Quando ho avuto notizia che sarà il film di Daniele Lucchetti, Lacci – basato sul romanzo di Domenico Starnone che è uscito nel 2014 per Einaudi ad aprire la Mostra Internazionale del Cinema di Venezia 2020, ho acceso il mio Kindle e ho acquistato subito il libro. Non lo avevo mai letto.

Domenico Starnone, Lacci: recensione

Pagina dopo pagina, il romanzo ha preso subito la mia attenzione, lasciandomi un senso di inquietudine e di incertezza. Le parole disperate di Vanda rendono l’idea del travaglio interiore di una delle protagoniste.

Perché Starnone apre il suo Lacci con il punto di vista di questa donna che è moglie e madre? Sicuramente perché tutto parte da lei e ritorna a lei. Con le sue scenate, con la sua paura di essere abbandonata e delusa, Vanda simboleggia un’epoca, quella degli anni Sessanta quando ogni cosa stava cambiando in quel microcosmo che è la famiglia.

Vanda tuttavia detiene il potere nonostante sia stato l’uomo di casa ad averla condotta nella disperazione più totale. Starnone così riesce a creare la sensazione di chiusura e di mancanza di scelta che vive Vanda, ancorata al marito fino agli eccessi e alla paranoia tanto da condizionare i due figli che soffrono più per le sue paturnie che per altri motivi.

Domenico Starnone Lacci

Tre io narranti, tre punti di vista

Poi, Domenico Starnone ci conduce nell’universo dell’altro protagonista, Aldo, il padre e il marito fedifrago, e qui la sensazione che si prova è di apertura perché sono le parole dell’io narrante a creare i contesti e darci la percezione che il punto di vista sia cambiato.

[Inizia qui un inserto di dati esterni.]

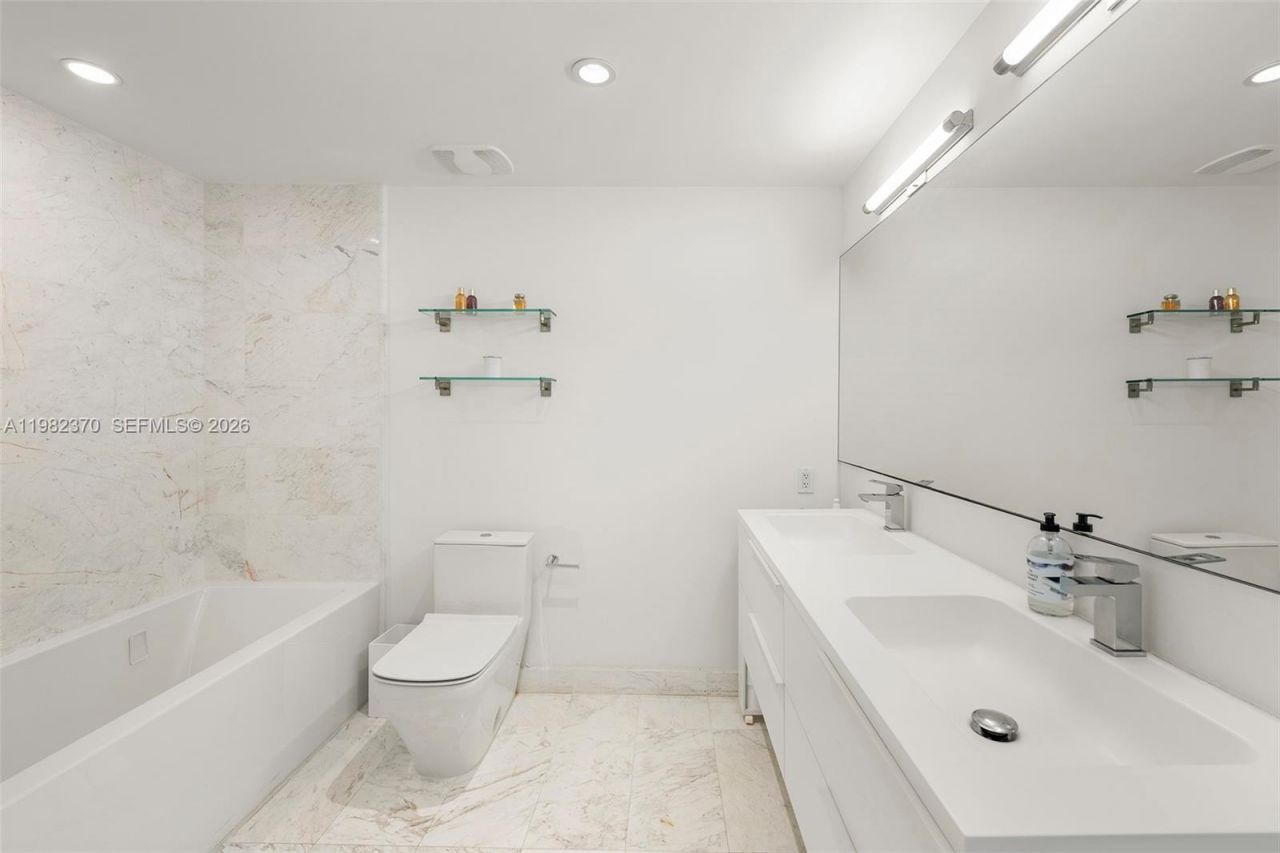 9940 W Bay Harbor Dr, Unit 6A-N, Bay Harbor Islands, FL 33154 Photo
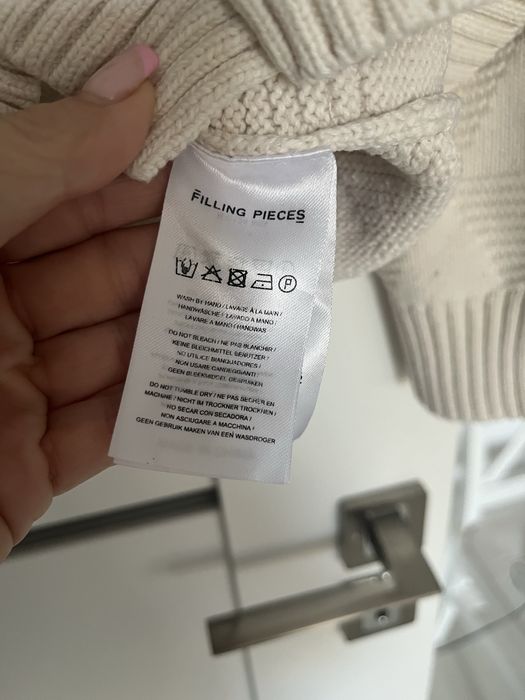 Sweter Filling Pieces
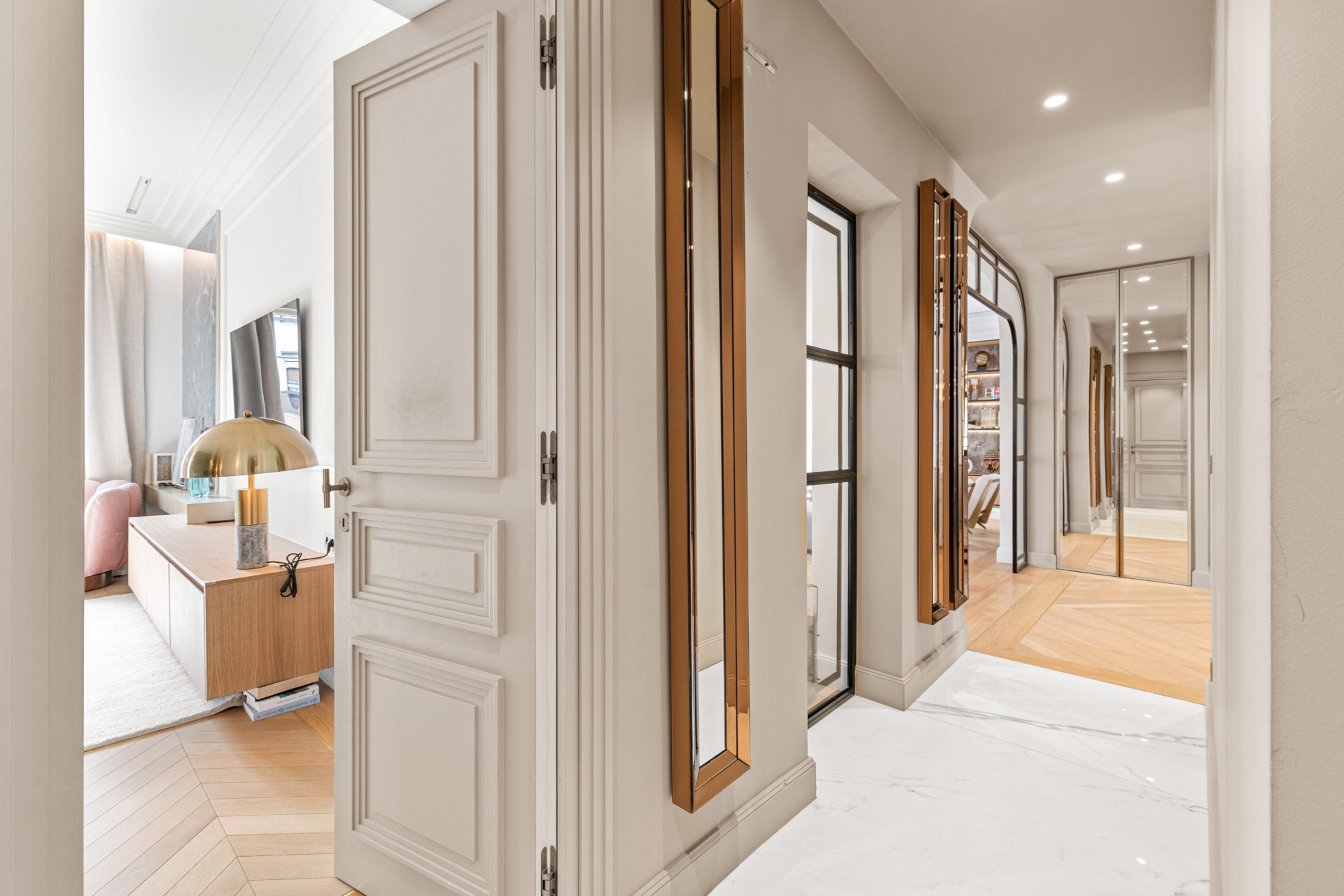 apartment 4 Rooms for sale on NICE (06000)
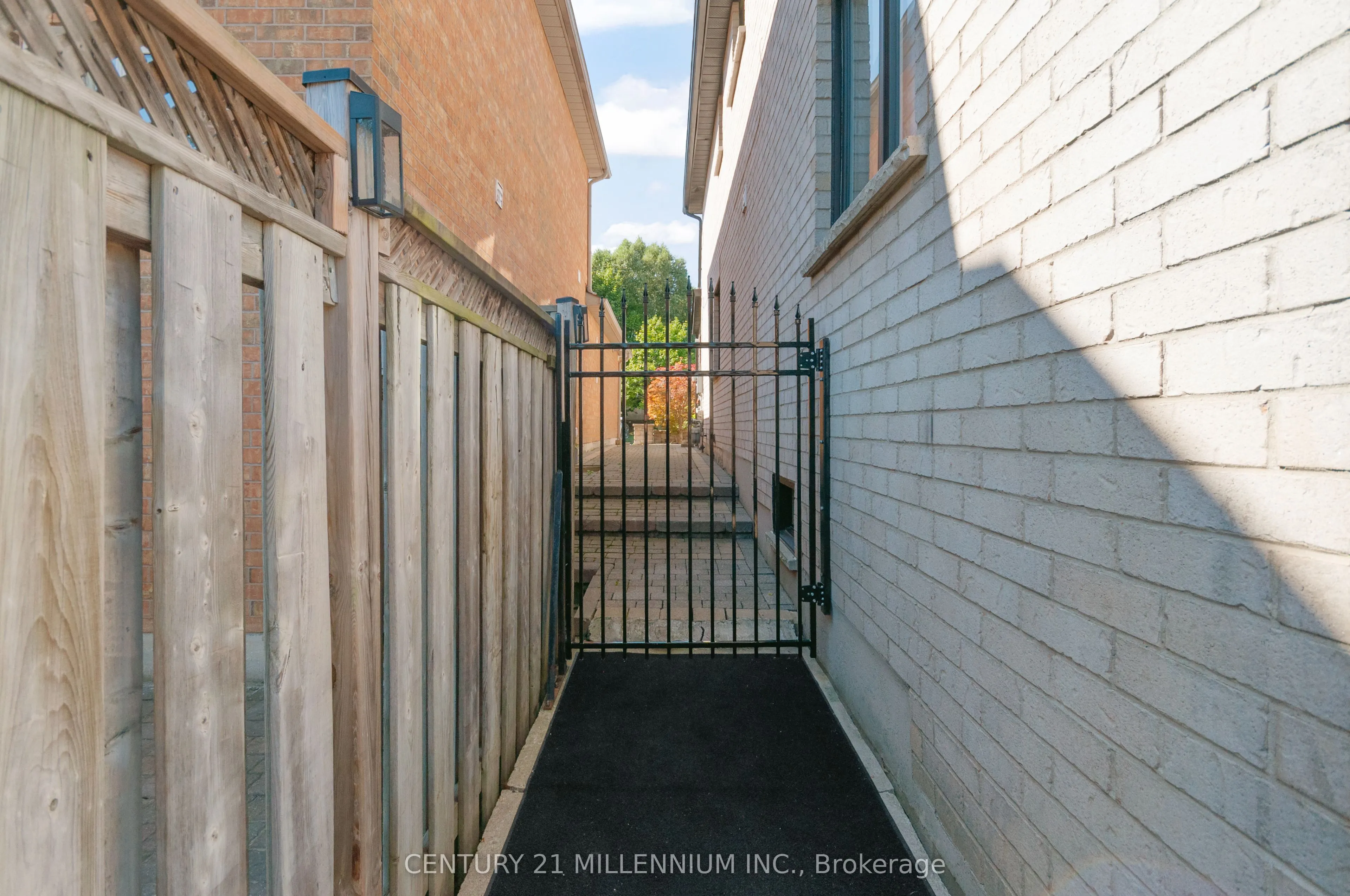 286 Royalpark Way
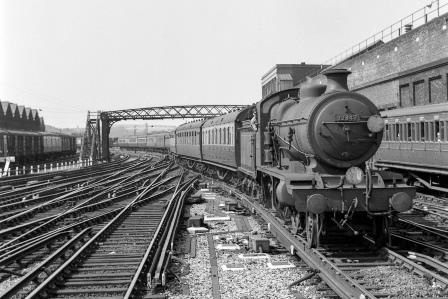 BR(S) K class 32347 at Brighton, East Sussex with a Birkenhead - Brighton - Hastings service arriving on Saturday 05 Jul 1952 - J.H.W. Kent [153450]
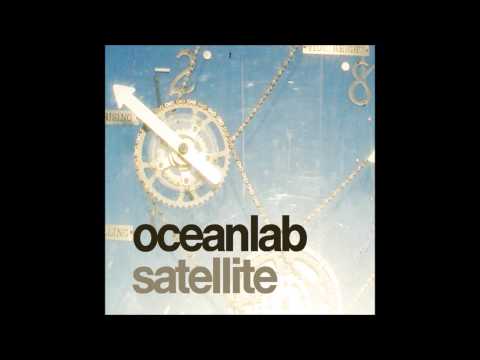 Текст песни  - Satellite (Radio Edit)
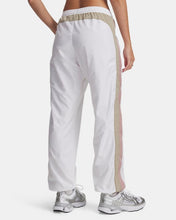 Load image into Gallery viewer, NWT Under Armour Women Icon Crinkle Pants XL
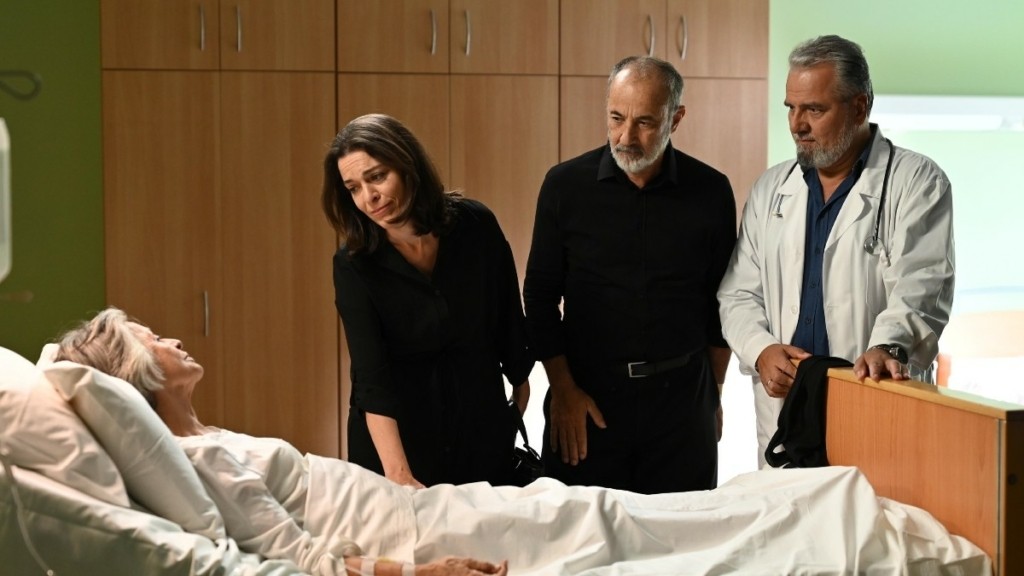 Σασμός – Τρίτη (24/10): Ματαιώνεται ο γάμος Αργυρώς – Αστέρη λόγω της κρίσιμης κατάστασης της γιαγιάς Ειρήνης
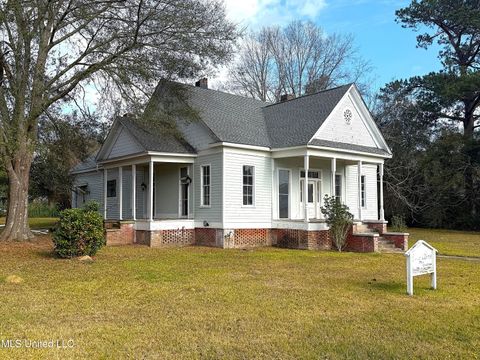 Apartment For Sale - 711 College Street<br/> Tylertown, MS 39667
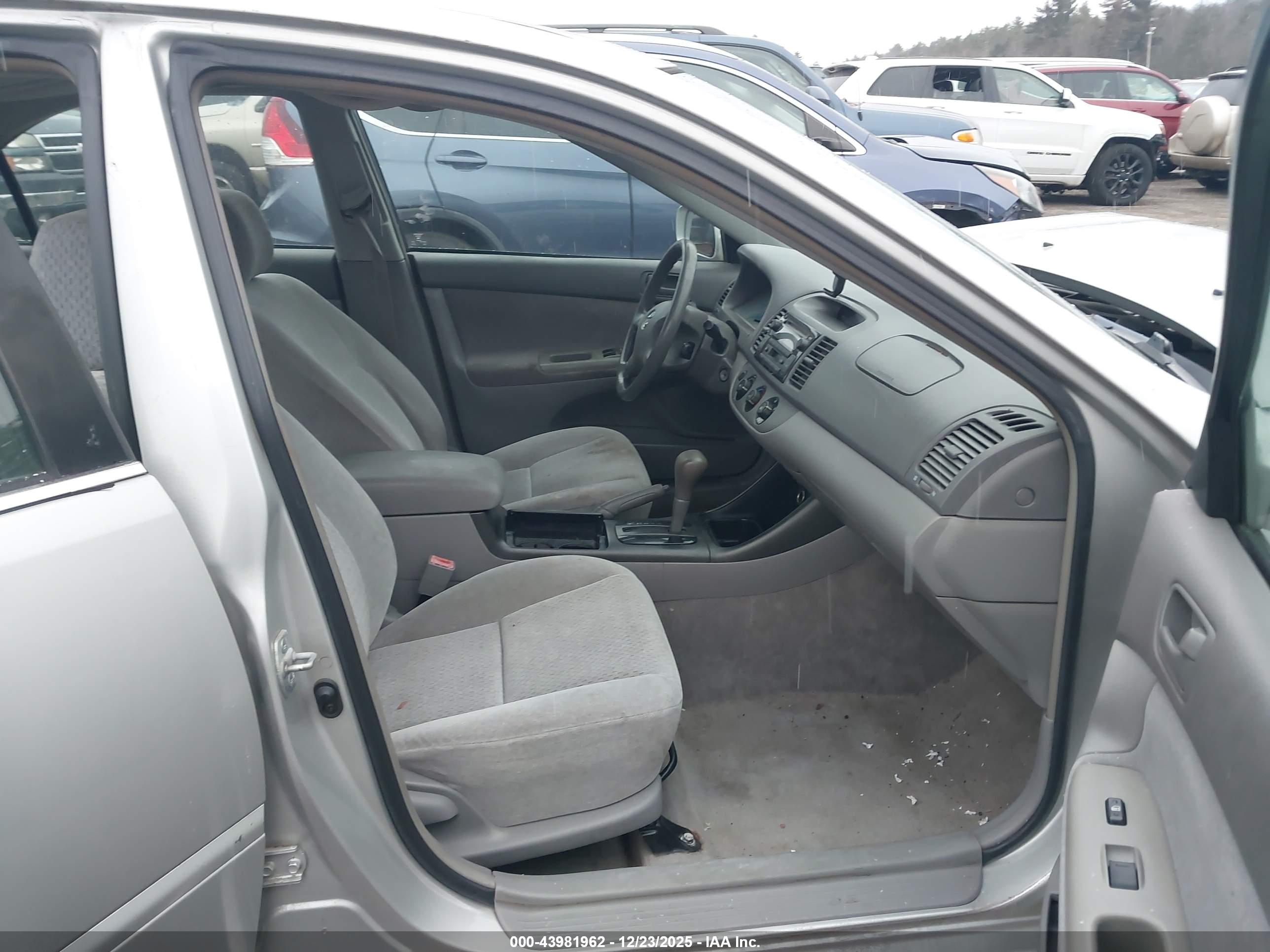 TOYOTA CAMRY image 5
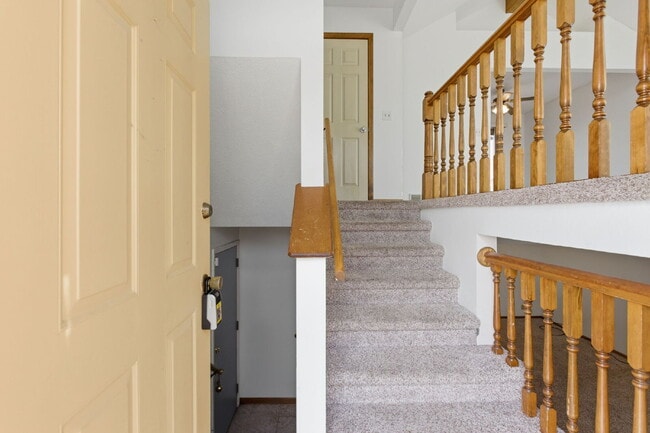 Photo - 8822 N 83rd St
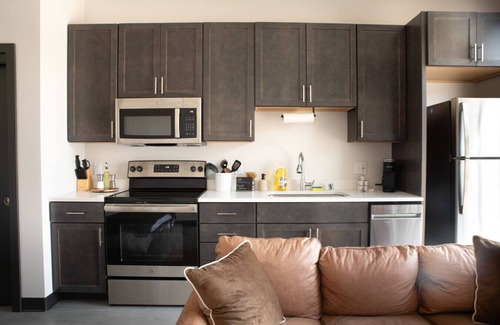 Westown Apartment | Flexhome Deer District Studio Apt - One Block from Fiserv and Baird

Aldo ha tradito Vanda molti anni prima e adesso l’asse temporale è spostato in avanti, nella vecchiaia. Il punto di vista di questo uomo non lascia spazio a dubbi: se ne era andato per amore di Linda, un giovane donna che lo aveva reso felice e per la quale aveva avuto il coraggio di lasciare la moglie.

Verso il finale è la voce della figlia Silvia che si fa sentire, dando la propria versione della storia e ampliando la prospettiva. Lacci è insomma un libro che parla proprio dei lacci, ovvero di quei legami che sono la nostra salvezza e al contempo la nostra più grande rovina.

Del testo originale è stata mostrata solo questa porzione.